Category: [03] Eyes & Ears

Observation and awareness of the universe as a creative life skill.

  • Eyes Ears

    If you were to ask me about the most basic requirements of creativity, I may suggest that observation and awareness of the universe are about as fundamental of a skill as there is.

    We are in the middle of a weird space and time in the timeline of creative pursuit. At no other point in history has the average person been able to have access to so much inspiration, feedback and educational content. Simultaneously, society has fostered these massive generative content engines we often call artificial intelligence and are using them to churn all of that into an output that ranges from the curious and interesting to the negligent and slop-laden. 

    I doubt that there has been a time in history that equals this for the opening of eyes and ears to the complexity of what it means to create.

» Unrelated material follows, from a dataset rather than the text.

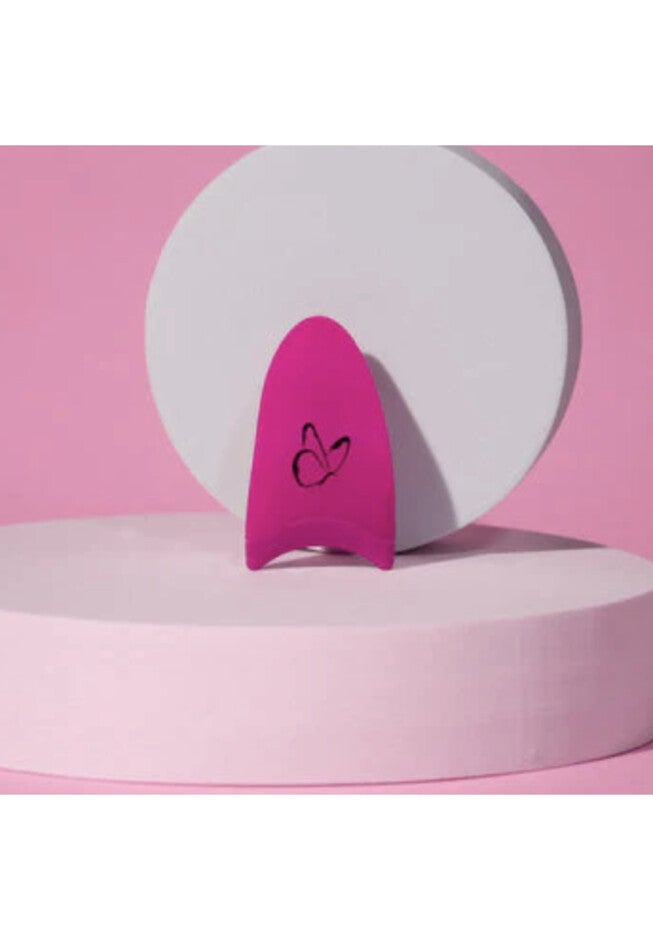 Lash Band Placement Tool, O, hi-res image number null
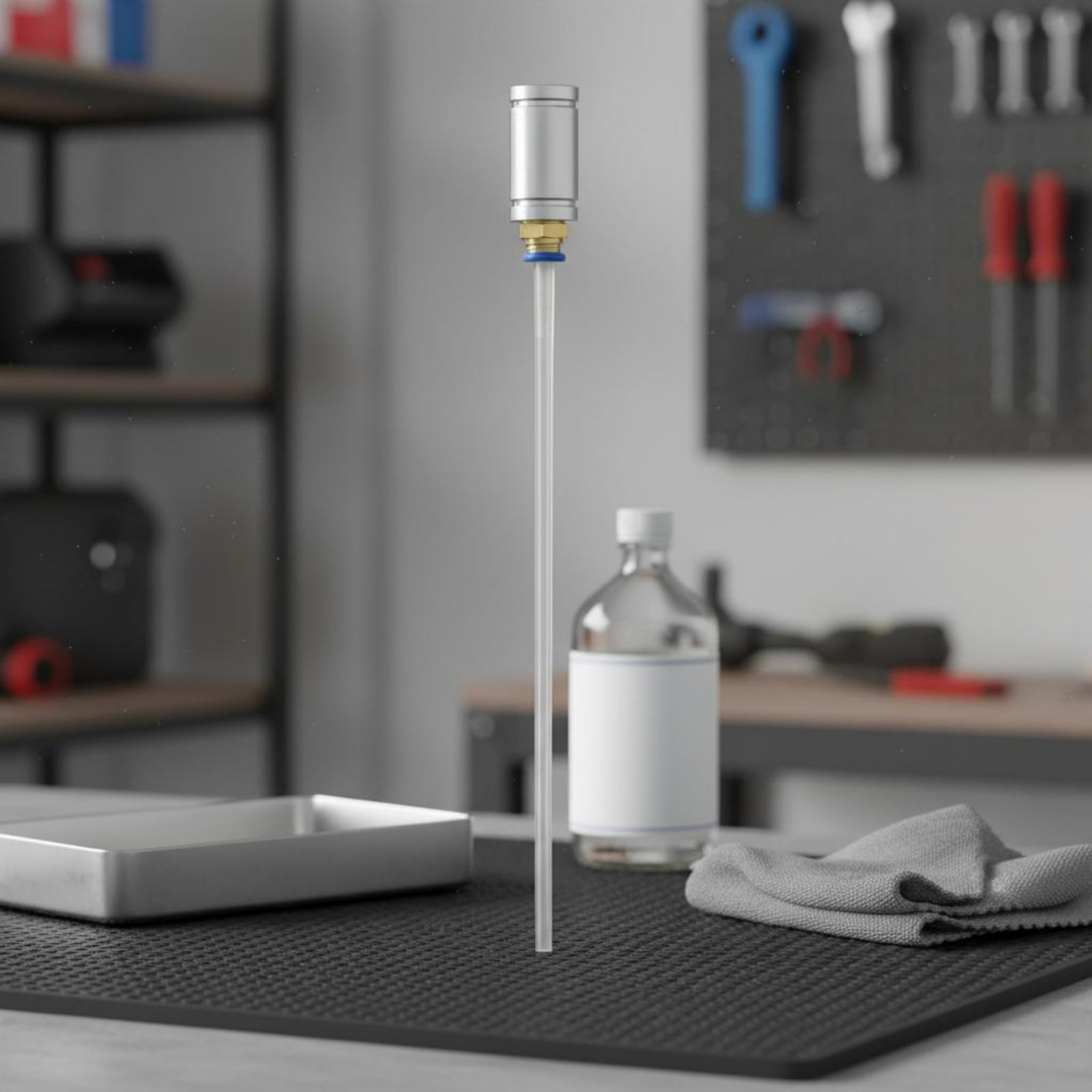 Tuyau d'aspiration d'huile pne - Tool Workshop avis et prix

    And yet I also think that there is very little new—and where new does squeak through the cracks of Xeroxed regurgitation of commercialization and generative language models and social media influence it squeaks through when a person notices something interesting the piques the ineffable nuances of our brains. We observe and think and churn and ponder. And what comes out the other end may be interesting and beautiful. It may be creative. 

    At the heart of all those other things is knowing that what the ghost in the machine can accomplish is now no longer distinguishable from human skill, but that seeing and listening and feeling are a core skill yet uncaptured by an algorithm

    Under the category of Eyes & Ears, I’lll be writing more on this topic as the months wear on.

  • Fifty Walks

    As I write these posts and use this blog as a weekday creativity exercise I am approaching fifty.

    (Don’t ask me! I don’t know how that happened either. I certainly don’t feel so old.)

    Many of my running friends mark milestones in age with a race distance to match. For me that would me running a fifty kilometre race before I roll over the odometer on my age. It is not necessarily impossible, but as I have informally stepped away from such long races (a post for another blog) it does not seem a good fit. 

    Instead, I have opted to celebrate and commemorate by trying to do fifty walks before I turn fifty.

    Loosely structured, those walks will follow a couple rules: they must be of a certain distance, need to contain something I would consider “exploration” and also they should present me with an opportunity to create. What this will almost always and usually mean is that I will be walking a photo expedition.

    I used to do these photo expeditions, as I called them, quite frequently: camera charged and ready, I would just go out into the suburban wilderness near where I live and snap hundreds of photos. No rules. No restrictions. No checklist. No forcing myself into boxes. Just taking photos for the sheer joy of exploring the craft.

    Some of my best pictures and much of my best learning happened when the only goal was fresh air and having an open mind to opportunity.

    Maybe what I’m really hoping to achieve with rekindling my long walks this summer isn’t so much about the walks but finding fifty opportunities to take photos.